• **What is required**: The records that appear below are to be restated word for word.

____ Records shown

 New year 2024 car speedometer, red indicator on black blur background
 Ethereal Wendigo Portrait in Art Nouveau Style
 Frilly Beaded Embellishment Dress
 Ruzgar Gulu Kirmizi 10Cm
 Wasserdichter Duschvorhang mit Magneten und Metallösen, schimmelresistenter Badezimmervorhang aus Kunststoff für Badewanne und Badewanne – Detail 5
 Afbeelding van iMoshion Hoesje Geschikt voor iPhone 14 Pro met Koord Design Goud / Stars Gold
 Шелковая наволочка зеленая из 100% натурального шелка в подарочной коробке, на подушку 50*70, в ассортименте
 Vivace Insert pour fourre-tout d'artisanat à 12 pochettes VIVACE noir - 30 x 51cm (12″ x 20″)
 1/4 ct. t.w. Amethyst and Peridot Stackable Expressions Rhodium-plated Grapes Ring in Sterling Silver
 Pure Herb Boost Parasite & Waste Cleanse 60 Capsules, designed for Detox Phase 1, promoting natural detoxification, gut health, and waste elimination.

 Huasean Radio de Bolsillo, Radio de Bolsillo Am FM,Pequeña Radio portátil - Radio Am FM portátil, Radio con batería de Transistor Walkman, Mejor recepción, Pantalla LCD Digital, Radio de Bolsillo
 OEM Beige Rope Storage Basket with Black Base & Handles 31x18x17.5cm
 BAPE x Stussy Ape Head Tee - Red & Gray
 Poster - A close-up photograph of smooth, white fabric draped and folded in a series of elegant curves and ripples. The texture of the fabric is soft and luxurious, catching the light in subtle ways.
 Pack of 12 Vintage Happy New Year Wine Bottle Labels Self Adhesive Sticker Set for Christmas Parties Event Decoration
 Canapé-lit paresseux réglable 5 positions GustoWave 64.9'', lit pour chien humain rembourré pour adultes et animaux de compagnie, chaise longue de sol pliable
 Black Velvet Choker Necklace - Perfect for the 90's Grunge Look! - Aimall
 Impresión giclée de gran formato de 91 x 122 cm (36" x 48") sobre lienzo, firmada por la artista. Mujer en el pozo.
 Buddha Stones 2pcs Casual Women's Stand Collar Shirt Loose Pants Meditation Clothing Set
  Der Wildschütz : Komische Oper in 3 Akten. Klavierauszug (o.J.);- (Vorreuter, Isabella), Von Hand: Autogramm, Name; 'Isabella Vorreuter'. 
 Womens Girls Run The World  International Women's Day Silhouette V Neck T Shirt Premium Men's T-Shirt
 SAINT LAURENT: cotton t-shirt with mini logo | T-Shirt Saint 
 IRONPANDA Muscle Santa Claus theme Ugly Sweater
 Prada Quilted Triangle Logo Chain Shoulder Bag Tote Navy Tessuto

________

• **Answer box**:
 New year 2024 car speedometer, red indicator on black blur background
 Ethereal Wendigo Portrait in Art Nouveau Style
 Frilly Beaded Embellishment Dress
 Ruzgar Gulu Kirmizi 10Cm
 Wasserdichter Duschvorhang mit Magneten und Metallösen, schimmelresistenter Badezimmervorhang aus Kunststoff für Badewanne und Badewanne – Detail 5
 Afbeelding van iMoshion Hoesje Geschikt voor iPhone 14 Pro met Koord Design Goud / Stars Gold
 Шелковая наволочка зеленая из 100% натурального шелка в подарочной коробке, на подушку 50*70, в ассортименте
 Vivace Insert pour fourre-tout d'artisanat à 12 pochettes VIVACE noir - 30 x 51cm (12″ x 20″)
 1/4 ct. t.w. Amethyst and Peridot Stackable Expressions Rhodium-plated Grapes Ring in Sterling Silver
 Pure Herb Boost Parasite & Waste Cleanse 60 Capsules, designed for Detox Phase 1, promoting natural detoxification, gut health, and waste elimination.

 Huasean Radio de Bolsillo, Radio de Bolsillo Am FM,Pequeña Radio portátil - Radio Am FM portátil, Radio con batería de Transistor Walkman, Mejor recepción, Pantalla LCD Digital, Radio de Bolsillo
 OEM Beige Rope Storage Basket with Black Base & Handles 31x18x17.5cm
 BAPE x Stussy Ape Head Tee - Red & Gray
 Poster - A close-up photograph of smooth, white fabric draped and folded in a series of elegant curves and ripples. The texture of the fabric is soft and luxurious, catching the light in subtle ways.
 Pack of 12 Vintage Happy New Year Wine Bottle Labels Self Adhesive Sticker Set for Christmas Parties Event Decoration
 Canapé-lit paresseux réglable 5 positions GustoWave 64.9'', lit pour chien humain rembourré pour adultes et animaux de compagnie, chaise longue de sol pliable
 Black Velvet Choker Necklace - Perfect for the 90's Grunge Look! - Aimall
 Impresión giclée de gran formato de 91 x 122 cm (36" x 48") sobre lienzo, firmada por la artista. Mujer en el pozo.
 Buddha Stones 2pcs Casual Women's Stand Collar Shirt Loose Pants Meditation Clothing Set
  Der Wildschütz : Komische Oper in 3 Akten. Klavierauszug (o.J.);- (Vorreuter, Isabella), Von Hand: Autogramm, Name; 'Isabella Vorreuter'. 
 Womens Girls Run The World  International Women's Day Silhouette V Neck T Shirt Premium Men's T-Shirt
 SAINT LAURENT: cotton t-shirt with mini logo | T-Shirt Saint 
 IRONPANDA Muscle Santa Claus theme Ugly Sweater
 Prada Quilted Triangle Logo Chain Shoulder Bag Tote Navy Tessuto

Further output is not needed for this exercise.